Concernant l’impact chimique isolé, il n’est pas non plus totalement négligeable comme le montrent les observations microscopiques des électrodes S4. Même s’il est plus marqué pour le fil C car l’eau dégrade aussi la couche d’argent, de légères dégradations sont observables sur les deux autres fils. Cependant, celles-ci n’impactent pas significativement la conductivité électrique, donc les performances des électrodes. Tout comme l’impact isolé des contraintes mécaniques, comme le montrent les résultats obtenus pour M3. Pris séparément, les impacts mécaniques et chimiques du processus de lavage sont peu significatifs. Cependant, l’impact conjoint et simultané des produits chimiques et des contraintes mécaniques imposées par le tambour de la machine peut être dramatique pour les électrodes textiles. Leur effet cumulé est bien supérieur à la somme de leurs impacts isolés, notamment en présence d’agents de blanchiment. En fait même si l’oxydation de l’argent n’est pas directement observable sous forme de couche d’oxydes d’argent recouvrant la surface du fil, il est fort probable que celle-ci ait lieu. L’oxydation fragilise la couche d’argent et la rend plus vulnérable aux contraintes mécaniques. Plus spécifiquement les frottements avec le tambour arrachent petit à petit la couche d’argent fragilisée.

Également, les échantillons ont été caractérisés avec différentes méthodes de caractérisation pour confirmer les résultats obtenus avec MEB. Ces méthodes sont résumées ci-dessous.

Les variations de teintes des électrodes en nylon argenté au fil des lavages ont été mesurées par un spectrophotomètre (CM-3610A, KONIC MINOLTA) sur la base des mesures de réflectance des échantillons.

La mesure de l’évolution de la résistance surfacique au cours des lavages peut révéler la perte d’argent mais aussi son oxydation car les oxydes d’argent sont moins conducteurs que l’argent pur. Le dispositif Ossila de mesures 4 points a été utilisé.
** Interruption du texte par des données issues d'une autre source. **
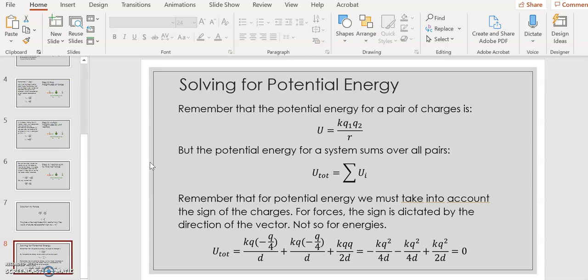The next part of the problem asks us to solve for the potential energy of this configuration. The expression for the potential energy of a pair of charges is U = k·q1·q2 / r. Unlike the force calculation, for potential energy we must include the signs of the charges from the start — we cannot let a unit vector handle the sign. Since we have multiple charges, we sum over all pairs: little q (left) with big Q, little q (left) with little q (right), and big Q with little q (right) — three terms total.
Pour mettre en évidence la présence éventuelle d’oxydes d’argent à la surface de la couche conductrice, des mesures de spectrométrie de photoélectrons X (XPS) ont été réalisés au CEA de Saclay sur un spectromètre Axis Ultra DLD (Kratos).

Afin de quantifier l’impact des lavages sur la couche d’argent, la masse d’argent présente sur les fils a été mesurée précisément par analyse thermogravimétrique (TGA 4000, Perkin Elmer).

IV. Discussion

Pris séparément, les stress mécaniques imposés par le lavage en machine et l’action chimique du détergent utilisé pour le lavage n’impactent pas de façon significatives les performances des électrodes. Cependant, leur impact conjoint peut avoir des conséquences dramatiques, annihilant les performances des électrodes après une quinzaine de lavages, si le détergent contient des agents de blanchiment. Ces agents sont présents dans la plupart des lessives en poudre. En revanche, les lessives liquides n’en contiennent pas car ils n’y sont pas stables. Néanmoins, le lavage avec ces détergents liquides à un impact négatif sur les électrodes, cependant celui-ci est bien plus modéré. Après 30 lavages les électrodes sont toujours fonctionnelles, et semblent pouvoir tenir jusqu’au moins 50 lavages, ce qui est une promesse client acceptable pour la marque. Par conséquent, il sera préconisé de laver le textile instrumenté développé dans cette thèse uniquement avec des lessives liquides et en utilisant un cycle délicat. Au vu de cette étude, l’utilisation du fil C doit être évitée compte tenu de sa fragilité à l’eau donc aux lavages.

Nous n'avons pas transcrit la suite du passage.